Tutta la vicenda è come vista dall’esterno, da in alto, molto in alto. Il compositore non si appassiona più alle vicende umane ma le osserva distaccandosene con saggezza senile, comprensiva, bonaria e quasi intenerita. Tutto l’agire umano assume quindi l’aspetto di un inutile gesticolare, un affannarsi egocentrico; le passioni umane sono solamente piccole turbe, il palpito stesso di un qualcosa di più grande ed altrettanto incomprensibile. Un teatro di burattini, le cui fila sono mosse da qualcuno o qualcosa di invisibile ed imperscrutabile; “Tutto nel mondo è burla” recita la fuga finale.

I momenti comici non mancano certo, due burle ai danni del protagonista e svariati suoi monologhi, tra cui il “Va’, vecchio John” nel quale egli crede di essere ancora piacente; senza contare gli elogi alla sua proverbiale pancia. Ma. Un Ma c’è sempre, soprattutto in un’opera profonda e densa di significati come il Falstaff. Ed il Ma arriva nel momento a mio avviso centrale di tutta la composizione. Dopo essere stato umiliato e gettato in un cesto per bucato dentro le acque del Tamigi, il vecchio John intona:

Io, dunque, avrò vissuto tanti anni, audace e destro
cavaliere, per essere portato in un canestro
e gittato al canale co’ pannilini biechi,
come si fa coi gatti e i catellini ciechi.
Ché se non galleggiava per me quest’epa tronfia,
certo affogavo. Brutta morte. L’acqua mi gonfia.
Mondo reo. Non c’è più virtù. Tutto declina.
Va’, vecchio John, va’, va’ per la tua via; cammina
finché tu muoia. Allor scomparirà la vera
virilità del mondo. Che giornataccia nera!
M’aiuti il ciel! Impinguo troppo. Ho dei peli grigi.

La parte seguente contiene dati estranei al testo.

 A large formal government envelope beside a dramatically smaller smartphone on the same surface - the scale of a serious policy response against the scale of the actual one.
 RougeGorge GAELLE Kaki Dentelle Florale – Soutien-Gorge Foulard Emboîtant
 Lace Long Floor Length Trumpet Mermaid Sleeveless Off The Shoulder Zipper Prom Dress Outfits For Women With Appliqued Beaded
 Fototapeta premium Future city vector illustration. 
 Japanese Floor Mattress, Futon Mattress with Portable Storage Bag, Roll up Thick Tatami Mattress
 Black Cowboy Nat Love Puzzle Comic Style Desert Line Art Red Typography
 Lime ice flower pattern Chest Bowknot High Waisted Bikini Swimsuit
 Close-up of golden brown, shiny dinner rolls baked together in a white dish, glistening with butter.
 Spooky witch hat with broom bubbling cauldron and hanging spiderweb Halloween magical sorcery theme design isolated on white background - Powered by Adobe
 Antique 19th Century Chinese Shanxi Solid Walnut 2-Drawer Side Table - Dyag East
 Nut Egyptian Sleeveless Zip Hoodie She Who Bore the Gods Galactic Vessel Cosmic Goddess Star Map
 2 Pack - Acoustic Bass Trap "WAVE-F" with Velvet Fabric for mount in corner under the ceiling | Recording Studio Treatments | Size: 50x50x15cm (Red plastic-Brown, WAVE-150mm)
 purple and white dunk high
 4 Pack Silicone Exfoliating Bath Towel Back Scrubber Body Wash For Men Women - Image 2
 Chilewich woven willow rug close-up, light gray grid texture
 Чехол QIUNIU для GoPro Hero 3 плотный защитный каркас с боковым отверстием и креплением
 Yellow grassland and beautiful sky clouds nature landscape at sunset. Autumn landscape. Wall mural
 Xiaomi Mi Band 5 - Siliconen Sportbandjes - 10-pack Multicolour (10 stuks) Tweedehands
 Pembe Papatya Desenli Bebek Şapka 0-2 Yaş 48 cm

13 falstaffGià, non c’è più virtù in questo reo mondo, tutto declina, si ingrassa ed imbiancano i capelli.
A me il Falstaff fa sempre uno strano effetto. Sento tutta la caducità dell’esistenza, il vano ed inutile dimenarsi. Ed il comico diventa amaro, troppo amaro.

Durante l’attesa prima dell’inizio dello spettacolo osservavo le tre signore anziane davanti a me, due delle quali camminavano grazie ad un bastone. Improvvisamente mi sono vista al loro posto, tra trent’anni, e sono stata presa dall’angoscia, da un profondo panico. Per la prima volta nella mia vita ho provato il terrore cieco e violento di invecchiare. Mi sono resa conto che presto non avrei più potuto contare sulle migliori carte in mio possesso al momento: giovinezza, entusiasmo, bellezza (insomma, quella più o meno…) e soprattutto il tempo. Allucinante. Ho tentato quindi di reprimere le mie sensazioni e di concentrarmi sullo spettacolo.

Álvarez è stato semplicemente meraviglioso. Vocalmente irreprensibile, suadente, emissione perfetta, accento efficace, fraseggio curato. Interpretazione molto intelligente la sua; invece di esagerare il personaggio rischiando di farne una caricatura, ne ha reso gli eccessi più tenui e sfumati, umanizzando ed avvicinando John ad ognuno di noi.
Ecco, è stato esattamente quello che mi ha fatto crollare. Nell’intervallo qualche lacrima è scesa, non ho potuto trattenermi e non mi vergogno a dirlo. Ho pensato a voi, giovani lettori di OperaLife, mi sono detta che avrei scritto un articolo su questa mia esperienza, per rendervi partecipi, per ammonirvi e per esortarvi. A cosa? A vivere appieno, come vi chiedo sempre. Sempre a fondo, sempre lottando per ciò che desiderate, amando e soffrendo senza sconti. Non fatevi mai ingabbiare, limitare, rinchiudere da niente e da nessuno. Come direbbe il buon vecchio Sir Falstaff: “Va’, vecchio John, va’, va’ per la tua via; cammina finché tu muoia” . Auguro ad ognuno di voi la migliore via possibile, la vostra via.